Wednesday, May 30, 2012

A digital science boost

With all the buzz about digital learning, one of the biggest questions is how much educational bang schools can get for their electronic bucks.  Discovery Education, a vendor to Charlotte-Mecklenburg Schools,  has released a study showing its interactive science lessons contributed to significant student gains in high-poverty CMS classrooms.


Discovery Education provides reading passages, videos and virtual labs to get students engaged in scientific exploration.  For instance, fifth-graders studying insect life cycles would look at photos of insects such as butterflies, grasshoppers, beetles and dragonflies. The teacher would get them to talk about different ways those insects grow, and to make predictions about how each changes during its life cycle. Students would watch a digital video on metamorphosis.

CMS uses federal Title I money to provide Discovery Education digital science lessons for all its highest-poverty schools (75 percent or higher), along with training for teachers in how to use those lessons.  But participation wasn't required during the study years (2007-08, 2008-09 and 2009-12),  so some teachers in Title I schools opted out.

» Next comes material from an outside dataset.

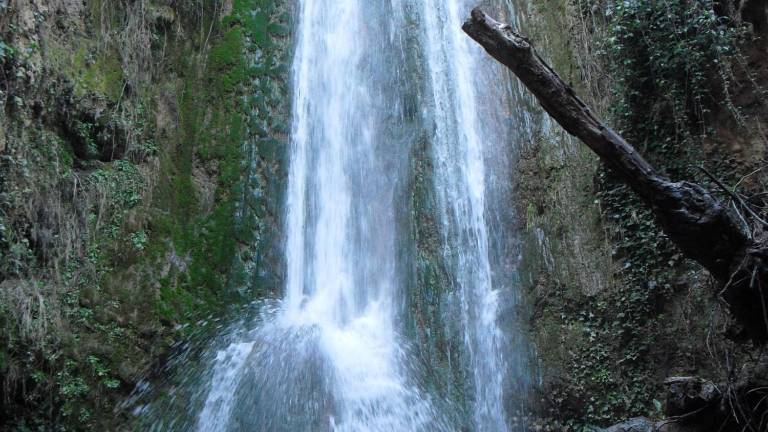 La alegría “brota” en cada rincón del paraíso La alegría “brota” en cada rincón del paraíso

The study compared results on state fifth- and eighth-grade science exams for students of 457 Title I teachers who used Discovery Education, 295 Title I  teachers who did not and 538 teachers in lower-poverty schools that didn't use Discovery Education. Researchers found that the Title I teachers using the program saw eighth-graders go from 38 percent passing to 57 percent, outperforming both other groups by significant margins (Title 1 non-users went from 19 percent to 32 percent passing, and the non-Title I group went from 41 to 43 percent). The results for fifth-graders weren't as dramatic, but the Title I teachers using Discover Education saw the biggest gains in two years.

The study factored in the benefits that some of the Title I schools got from support provided through CMS' Achievement Zone and/or the strategic staffing program, and there still appeared to be benefits attributable to the digital program.

I'm always cautious of drawing oversimplified conclusions from numbers, especially a study done by an interested party.  But this does seem to reinforce what CMS and many thoughtful commenters have been saying:  Technology can be a helpful tool when it's combined with good training and enthusiastic teachers.

16 comments:

Anonymous said...

You can't lead a productive life watching videos, you have to able to read. Go ahead, fill out a job application ... where is the video? I hope McDonalds has one. Parents love to hear, "your kid was a born french fry chef". Another CMS program for the sake of statistics. Keep dumbing it down, that's the ticket!

Anonymous said...

Discovery Ed is a great tool.

It works well to help students visualize concepts and see things that they have never seen before.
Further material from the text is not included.